Form 16A: Form 16A is the certificate of deduction of tax at source and issued on deduction of tax by the employer on behalf of the employees. These certificates provide details of TDS/TCS for various transactions between deductor and deducted.
Form 16B: Form 16B certifies that the tax has been deducted at source on the income earned from the sale of immovable property (building or part of it) other than agricultural land, and the TDS has been deposited by the property buyer with the Income Tax Department.
Form 10C: Form 10C is filled and submitted when you want to claim benefit under the Employee Pension Scheme (EPS)
Form 26QB: Form 26QB is a return cum challan for payment of TDS to the government.
Form 26AS: Form 26AS (Tax Credit Statement) is the annual statement in which the details of tax credit are maintained for each taxpayer as per the database of the Income-tax department.
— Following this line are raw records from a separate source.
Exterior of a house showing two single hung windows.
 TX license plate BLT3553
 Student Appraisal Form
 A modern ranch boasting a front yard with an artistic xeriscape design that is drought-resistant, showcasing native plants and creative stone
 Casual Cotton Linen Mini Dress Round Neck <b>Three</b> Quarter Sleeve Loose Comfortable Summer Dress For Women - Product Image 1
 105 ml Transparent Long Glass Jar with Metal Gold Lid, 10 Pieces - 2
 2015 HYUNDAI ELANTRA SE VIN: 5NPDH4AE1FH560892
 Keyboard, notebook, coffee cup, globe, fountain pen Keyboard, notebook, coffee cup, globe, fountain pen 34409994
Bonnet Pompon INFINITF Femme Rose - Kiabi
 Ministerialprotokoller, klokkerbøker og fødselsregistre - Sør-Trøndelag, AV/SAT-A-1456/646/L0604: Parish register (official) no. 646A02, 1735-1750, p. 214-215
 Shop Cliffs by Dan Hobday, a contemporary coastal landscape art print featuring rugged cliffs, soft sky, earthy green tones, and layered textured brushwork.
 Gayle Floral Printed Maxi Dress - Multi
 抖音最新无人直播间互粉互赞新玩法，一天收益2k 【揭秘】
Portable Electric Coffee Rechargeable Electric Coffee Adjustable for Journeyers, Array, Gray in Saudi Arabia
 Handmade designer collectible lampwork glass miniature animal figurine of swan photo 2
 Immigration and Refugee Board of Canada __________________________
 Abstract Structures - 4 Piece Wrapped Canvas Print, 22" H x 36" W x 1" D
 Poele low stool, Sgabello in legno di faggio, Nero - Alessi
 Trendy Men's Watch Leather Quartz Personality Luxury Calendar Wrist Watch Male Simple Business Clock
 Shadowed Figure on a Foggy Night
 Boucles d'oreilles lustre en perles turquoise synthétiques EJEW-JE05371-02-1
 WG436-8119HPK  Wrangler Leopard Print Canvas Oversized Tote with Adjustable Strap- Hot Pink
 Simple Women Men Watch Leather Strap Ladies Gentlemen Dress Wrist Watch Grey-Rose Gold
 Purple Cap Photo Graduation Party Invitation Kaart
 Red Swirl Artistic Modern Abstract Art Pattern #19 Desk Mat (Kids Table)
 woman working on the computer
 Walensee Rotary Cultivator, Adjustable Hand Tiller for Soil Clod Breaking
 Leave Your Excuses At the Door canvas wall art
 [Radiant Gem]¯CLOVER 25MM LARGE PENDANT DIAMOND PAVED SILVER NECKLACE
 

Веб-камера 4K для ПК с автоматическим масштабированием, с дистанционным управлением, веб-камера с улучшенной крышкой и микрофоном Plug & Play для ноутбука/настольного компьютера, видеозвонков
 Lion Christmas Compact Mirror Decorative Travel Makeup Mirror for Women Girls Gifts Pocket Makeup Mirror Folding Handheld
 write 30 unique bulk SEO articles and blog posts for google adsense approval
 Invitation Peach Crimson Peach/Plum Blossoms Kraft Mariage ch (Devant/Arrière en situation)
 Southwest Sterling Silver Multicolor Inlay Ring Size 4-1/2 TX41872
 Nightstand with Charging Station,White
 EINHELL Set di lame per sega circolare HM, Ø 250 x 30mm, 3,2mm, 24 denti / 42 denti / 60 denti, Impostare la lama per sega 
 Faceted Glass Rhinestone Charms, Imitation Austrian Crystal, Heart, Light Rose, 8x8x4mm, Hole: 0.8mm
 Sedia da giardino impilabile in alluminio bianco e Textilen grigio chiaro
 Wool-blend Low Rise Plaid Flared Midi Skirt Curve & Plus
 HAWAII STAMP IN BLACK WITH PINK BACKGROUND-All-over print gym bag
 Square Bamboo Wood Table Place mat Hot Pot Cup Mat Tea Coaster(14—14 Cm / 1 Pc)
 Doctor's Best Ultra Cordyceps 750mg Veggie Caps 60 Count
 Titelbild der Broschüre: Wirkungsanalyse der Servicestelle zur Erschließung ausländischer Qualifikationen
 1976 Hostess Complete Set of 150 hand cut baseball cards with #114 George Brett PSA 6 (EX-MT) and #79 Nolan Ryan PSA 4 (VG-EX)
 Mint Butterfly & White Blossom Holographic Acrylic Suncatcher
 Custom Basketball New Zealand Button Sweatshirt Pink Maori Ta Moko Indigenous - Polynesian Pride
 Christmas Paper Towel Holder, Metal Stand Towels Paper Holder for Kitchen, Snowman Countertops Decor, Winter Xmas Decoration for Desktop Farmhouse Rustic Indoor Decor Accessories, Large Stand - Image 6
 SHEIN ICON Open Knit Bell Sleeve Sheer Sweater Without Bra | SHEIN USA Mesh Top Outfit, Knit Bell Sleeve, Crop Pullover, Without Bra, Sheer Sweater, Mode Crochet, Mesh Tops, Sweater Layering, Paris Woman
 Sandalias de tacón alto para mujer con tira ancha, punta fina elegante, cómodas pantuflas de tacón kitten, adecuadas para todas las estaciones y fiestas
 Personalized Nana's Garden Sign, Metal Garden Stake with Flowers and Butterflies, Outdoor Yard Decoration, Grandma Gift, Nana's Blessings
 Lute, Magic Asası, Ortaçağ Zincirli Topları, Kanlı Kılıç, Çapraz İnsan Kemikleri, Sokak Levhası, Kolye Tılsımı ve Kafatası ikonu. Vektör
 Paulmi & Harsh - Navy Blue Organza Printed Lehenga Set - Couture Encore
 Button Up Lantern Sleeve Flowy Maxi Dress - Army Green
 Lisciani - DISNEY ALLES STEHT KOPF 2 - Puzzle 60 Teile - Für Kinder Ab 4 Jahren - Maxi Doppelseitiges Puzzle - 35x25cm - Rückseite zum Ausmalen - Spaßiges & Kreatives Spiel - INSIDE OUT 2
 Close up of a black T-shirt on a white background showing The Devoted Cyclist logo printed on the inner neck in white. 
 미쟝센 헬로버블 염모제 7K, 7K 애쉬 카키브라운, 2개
Form 26AS will reflect the tax credit against the PAN of the taxpayer.
Form 27C: Form 27C is a document that can help in getting tax exemption from the tax deducted at the source. Both buyers and sellers can use this for all the goods specified in the Income Tax Act.
Form 24G: When income tax is deducted at source (TDS) for a salaried individual or a non-salaried individual or even a person who is not a resident of the country, is not salaried but still has to pay tax, the Accounts Officers who process such need to use a form to submit information about the deduction. Form 24G is used to submit such information for processing.
Form 64A: Form 64A contains the statement of income paid or credited by Venture Capital Company and credited by Venture Capital Fund to be furnished under section 115U of the Income Tax Act 1961.
Form 24Q: The employer has to file a salary TDS return in Form 24Q. 24Q is to be submitted on a quarterly basis. Details of salary paid to the employees and TDS deducted on such payment is to be reported in 24Q.
Form 12BA: Form 12BA is a detailed statement showing particulars of perquisites, other fringe benefits, and profits in lieu of salary.
Form 27EQ: Form 27EQ is a quarterly certificate that contains details of the Tax Collected at Source or TCS under Section 206C of the Income Tax Act, 1961.
Form 49B: Form 49B is an application form under section 203A of the Income Tax Act 1961 for the assignment of TAN number or TAN deduction and payment account number.